Saturday, February 09, 2008

News!

1. Found someone to love. (Yehey!)
2. I'm going to be an uncle. (mixed... oh crap and a bit of yehey.)
3. I'm going to be an uncle again. (PACKINGSHEET!)*

*Calm down... nothing much you can do. Just support them.

Got it!

I finally got it! Well, actually got it last October but I'm just writing it now. Not what I expected... have to admit, a bit disappointed but nonetheless, i got it. And I'm happy.

Monday, February 26, 2007

Next In Line





This is definitely my next phone.

Friday, January 19, 2007

What's next?

The other night, I received a text message from a good friend saying I won’t be able to set out to my new journey. At that time, I was pre-occupied with other thoughts but I reply that it was ok.
Now that it has actually sank-in, I kind of have mixed emotions about it. Should I feel sad about? My logic says I shouldn’t. I did say from the very beginning that there is no pressure and that I’m just doing this to try it out. If it works, then good. If it doesn’t, then let it be. However, there’s this sting inside me saying it should not be ok. It’s like it is making me doubt myself worth. Am I really that stupid? I didn’t make it once upon a time in my life and then now…. Is faith just saying to me that that place is not for you? Or it’s just screaming that you are indeed stupid? Why am I feeling this? Is it right? Are they right? Slowly, I feel I’m getting smaller. What next now? Again, I am torn. Should I set out and pursue it using a different path or quit the idea because it’s saying it’s not for you? But I want to… I want to see myself. I want to rediscover myself. What’s next? I think I’ve made my mind… I need this and I want this. Still no pressure.

Thursday, January 11, 2007

???

First... who is this "Chinggoy" that a certain Jay called me? Hmm? I wonder?

Ah, it was good to see you, my friend. It has been awhile and I'm glad to see all of you again... you, you, and you.
I have been updated as well. I visited it… sad and hillarious.

Still very much awake and thoughts are shelling my battle field.
It’s not easy being green. (Bwhahaha!)

In a way, I am more at ease lately.
A co-worker said something like, “Think about it… would it actually matter 3 or 6 months from now?”

Think about….

Friday, December 22, 2006

Ticking

Ah, its has been awhile.

Nothing much really happening... just passing time.

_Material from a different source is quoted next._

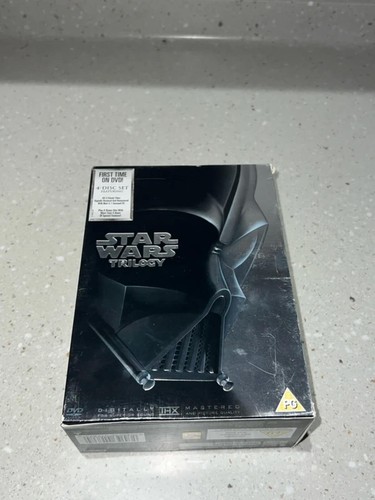 Star wars trilogy disc - star,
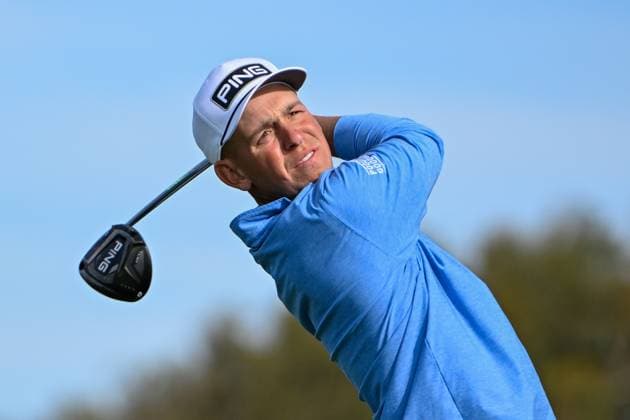 LA JOLLA, CA - JANUARY 26: Sam Stevens (USA) watches his tee shot on 2 during Rd3 of the Farmers Insurance Open at Torrey Pines Golf Course on January 26, 2024, in La Jolla, California. (Photo by Ken Murray Icon Sportswire) GOLF: JAN 26 PGA, Golf Herren Farmers Insurance Open EDITORIAL USE ONLY Icon2401260053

It is again 3:30 in the morning and "he" is as late as ever. I wonder when will "he" ever arrive on time again?

How time flies... it's the 22nd of December already and I'm not yet done with my shopping. Hope I can shorten my list later.

Got myself an early Christmas gift and a renewed vice. I guess, that's one reason I'm having a hard time budgeting.

A lot of friends are coming home for a visit. Hope we get to see all of them before they leave again.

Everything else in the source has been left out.